Two years ago, at Holy Trinity, Dave, let’s call him, arrived, a well-known street person, tall and good-looking. A careener. Unsteady on his feet. He wobbled into position for a conversation, asking what the service on Ash Wednesday evening was about. And one of us replied “It’s about the dark places deep inside each of us.” “Ah,” Dave replied, “The dark places. I know about them.” So he asked, “And how are you going to finish?” And one of us said, “I don’t know. Do you have any suggestions?” After a moment or two, Dave responded with the wisdom of experience: “Well, about those dark places, you have to find a way to make them golden.”
So Jesus is tempted by being led into the literal dark place of the wilderness, and the metaphorical dark place of the human soul where we are all beset with devilish voices saying “listen to me, or to me, or to me.” All the competition for allegiance and desire and false power, and everything less than we really are. “The dark places inside each of us” where it is not so much that God is testing us as that we are testing God, as the Devil invited Jesus to do. But how to turn them golden?

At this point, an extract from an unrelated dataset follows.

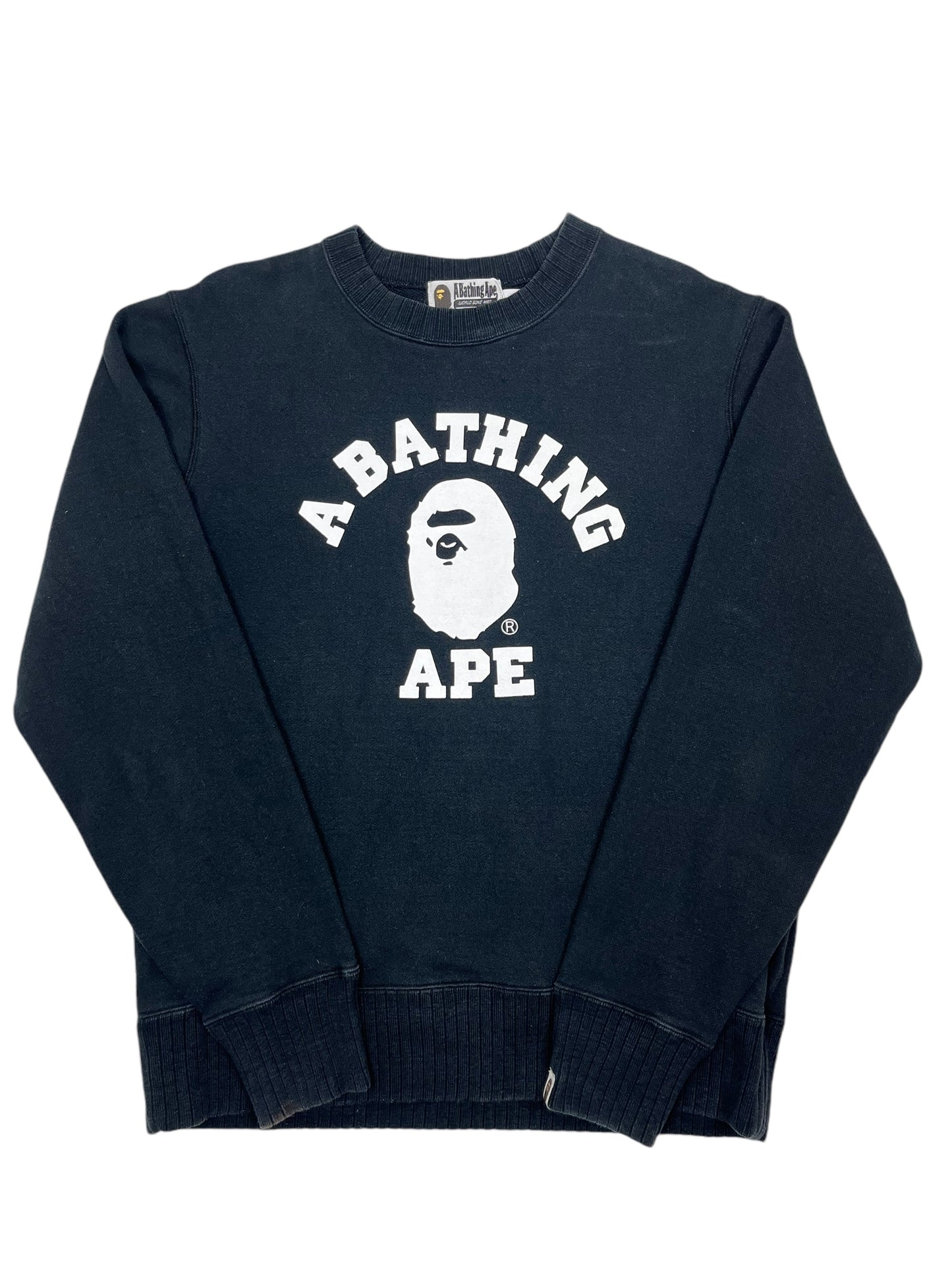 Bape White Graphic Logo Crewneck Black - (GRADE A) M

The wilderness is a place of struggle, temptation, testing. Here in Luke’s Gospel, holiness is put on trial. Jesus must decide what it means for him to be Son of God, as the voice from heaven had declared earlier at his baptism. Luke’s first readers must have been wondering that too—Since this Jesus is the Son of God, how will he do under severe temptation in the wilderness? How will he do when faced with the devilish accusations of the temple leaders and the Jerusalem mob who want to do away with him? The early readers and hearers of Luke needed the confirmation that Jesus, named by God as his son at his Baptism, is up to the task —and they needed to hear that they too, incorporated into the same baptism, would be up to it too in the face of Roman persecutions. The Devil begins with that proposition: “Since you are the Son of God…”

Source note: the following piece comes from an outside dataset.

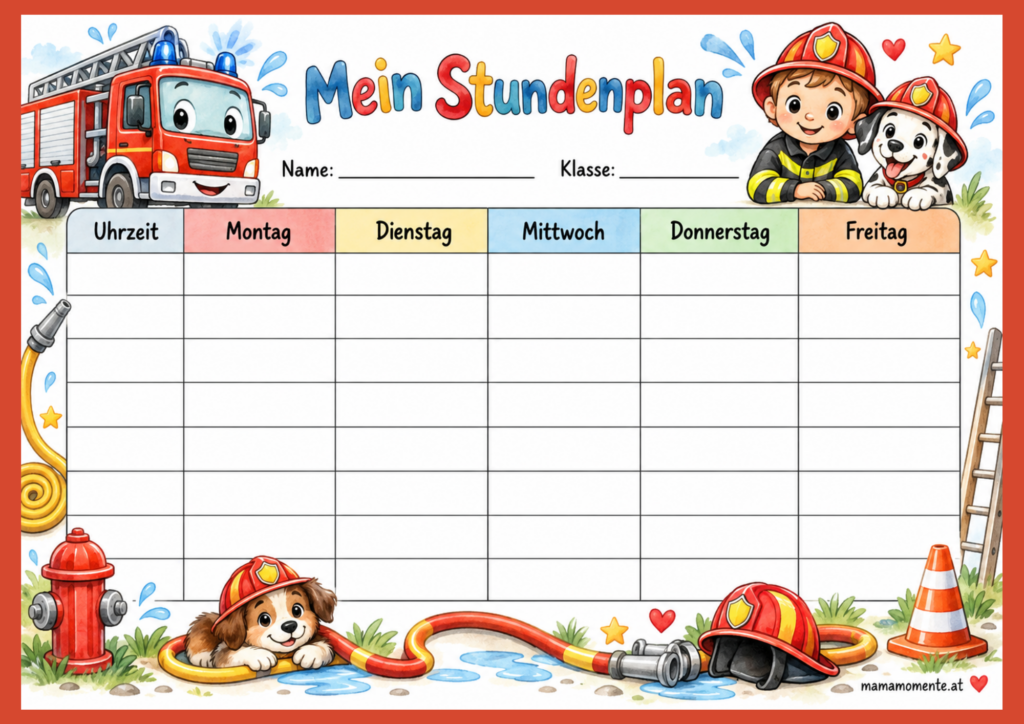 Stundenplan Feuerwehr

First, hunger—Since you are God’s Son, speak these stones into bread.
Then, spiritual power—From the top of the Temple, jump, and God’s angels will catch you.
Finally, earthly power—Since you are God’s Son, take all the nations and their power as yours, if you worship me.

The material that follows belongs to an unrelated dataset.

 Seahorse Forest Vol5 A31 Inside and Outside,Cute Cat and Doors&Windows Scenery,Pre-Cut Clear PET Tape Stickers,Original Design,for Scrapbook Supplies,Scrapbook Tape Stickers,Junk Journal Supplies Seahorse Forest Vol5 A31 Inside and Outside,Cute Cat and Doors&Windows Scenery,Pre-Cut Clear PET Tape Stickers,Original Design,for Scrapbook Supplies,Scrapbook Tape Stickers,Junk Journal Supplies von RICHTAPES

Now, what happens to each of these dark places—does Jesus find a way to make them golden? Earthly food is not sufficient to feed our needs, we also need the nourishment of the Word of God—and by his obedience to God, by his allowing Scripture to be spoken again and again through him, Jesus is in fact enabled himself, to become the bread by which we can live—because it is the same as the word which comes out of God’s mouth. So too Jesus is able not to tempt God by hurling himself from the temple tower, but to become the Temple from which he refused to cast himself down. He becomes the chief cornerstone, the new Temple built in our hearts. Finally Jesus becomes, in his death, which we so solemnly mark at the end of Lent, the king of all the kingdoms of the world. As Dave said, “About those dark places, you have to find a way to make them golden.”
Here, in this Eucharist, as the word of God says, is bread set before us, living bread as true nourishment for the dark places in each of us, made golden. Here, the word of God says, is the community that makes up the living and golden Temple, with Christ himself as the chief cornerstone. Here, as the word of God says, is the ruler of the nations, claiming his kingdom within our dark places, making our communal realm golden with his presence, and leading us to reach out to all to welcome them to their place among us. May it be so. Amen.